Spray the inside of a 4-quart slow cooker with cooking spray.

Step: 2

Place diced apples into the slow cooker; add oats, brown sugar, cinnamon, vanilla extract, pumpkin pie spice, and water.

Step: 3

Cook on Low for 8 hours; switch cooker to Warm until ready to serve.


Per Serving: 180 calories; protein 3.7g; carbohydrates 37.5g; fat 1.9g; sodium 10.5mg.

Eating healthy breakfast to start the day had become a good habit. It’s a fabolous way to start my 24 hours off healthfully. The sweet hit from the fruit wakes me up and bring me power to make on the morning. The sweetness is more vilified as the root of all disease, but fruit is also loaded with fibre, which is great for your digestive system and make keep you feeling full longer, and not want likely grab a side food out of the vending machine before lunchtime.

Making fruit a morning habit is easy . Easy as put the sweetness in your refrigerator next to the sweet drink or on the bench next to your grain bowl , or move your coffee maker or tea kettle — about anywhere where you’ll see it. Before you eating the rest of your breakfast , eat your fruit. If you’re not normally a breakfast person.

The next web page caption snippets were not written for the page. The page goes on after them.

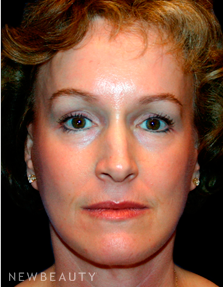 Dr. Kelly Bomer Facelift - After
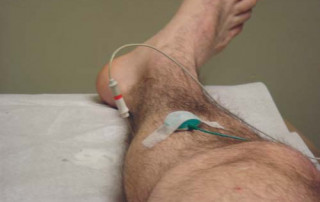 Needle Electromyography and Nerve Conduction Study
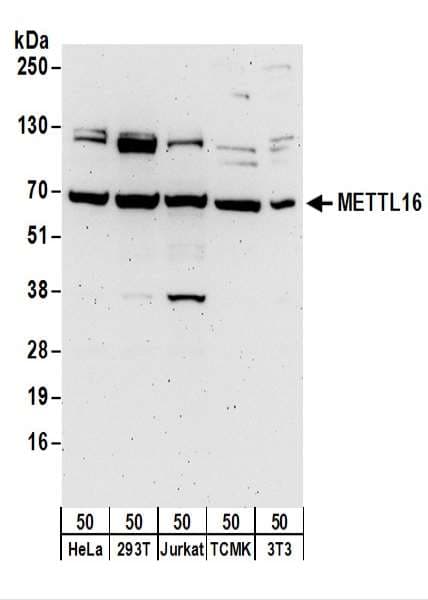 METTL16 / METT10D Antibody (aa375-425)
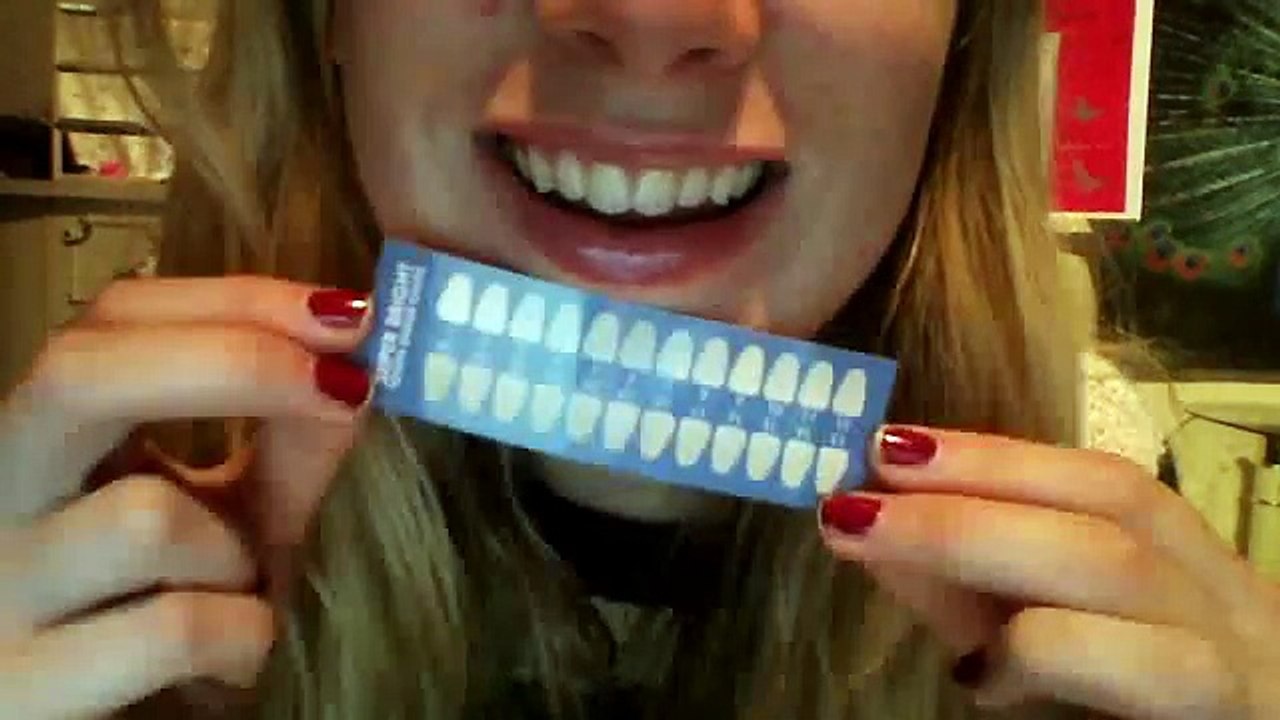 sbiancamento denti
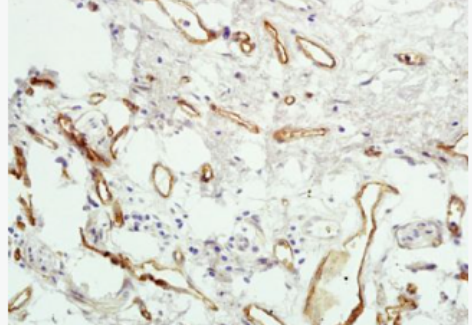Anti-PAR4 antibody-蛋白酶活化受体4抗体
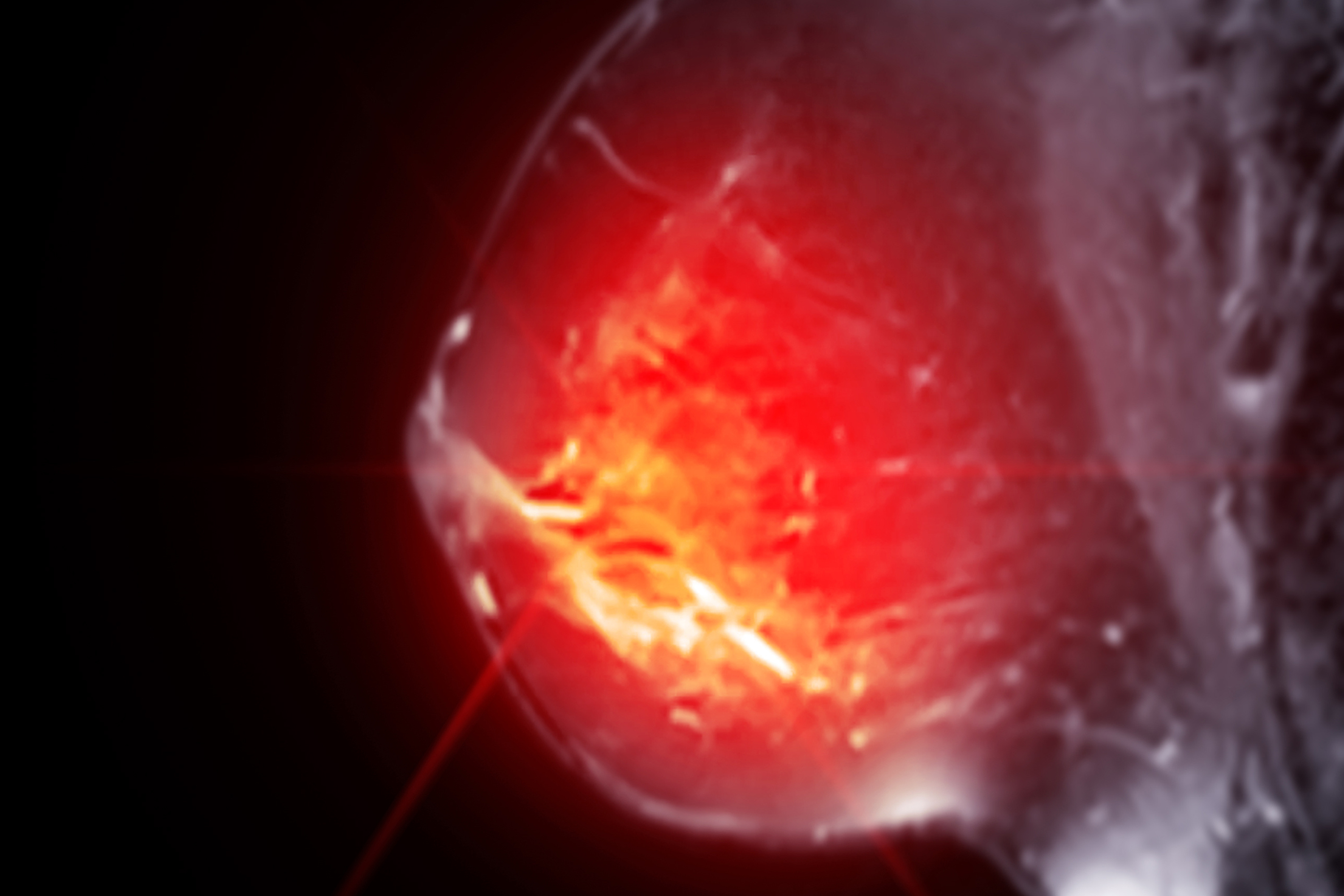 Breast Cancer Tumor Size Chart Staging & Prognosis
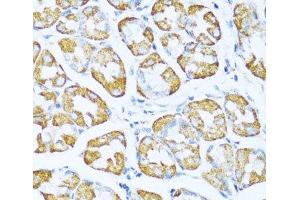 Immunohistochemistry of paraffin-embedded Human stomach using NDUFA5 Polyclonal Antibody at dilution of 1:100 (40x lens). (NDUFA5 antibody)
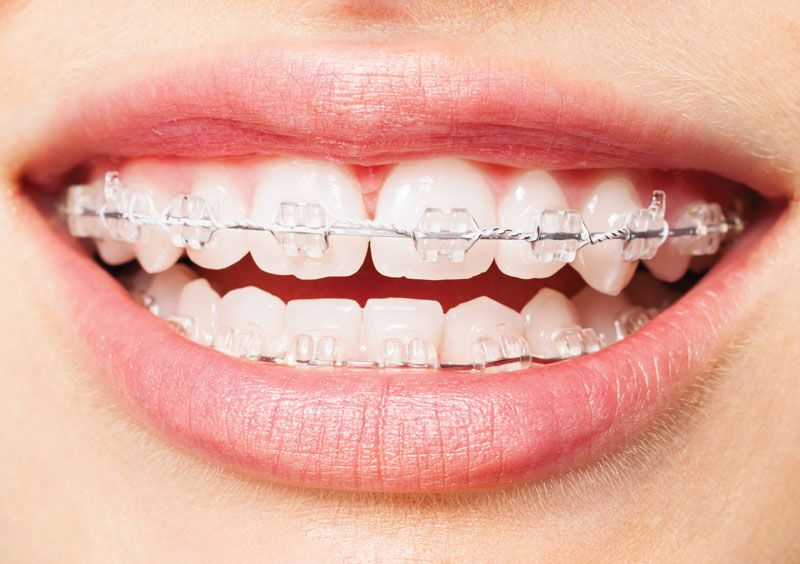 Ceramic Braces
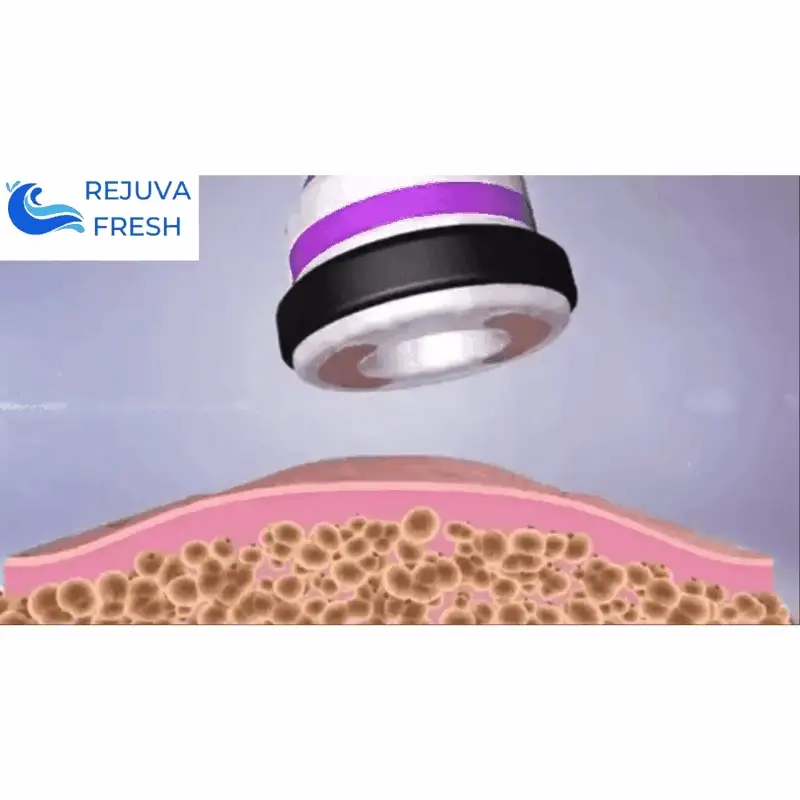 Adonis™ 9 in 1 Cavitation Machine for Toning & Slimming - Image 8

Giving your body a bit of sweetness in the morning is important to move your metabolism for the 24 hours and insert important element to your brain, which, incidentally, requires a continuous supply of sugar in the form of process glucose, counting at to around 120g daily. There is also substantial evidence to support the idea that a diet high in fiber can lowering your risk of a count of of cancers. And of course, you well-being from all the other supplement and antioxidants in fruit, which keep you strong and healthy.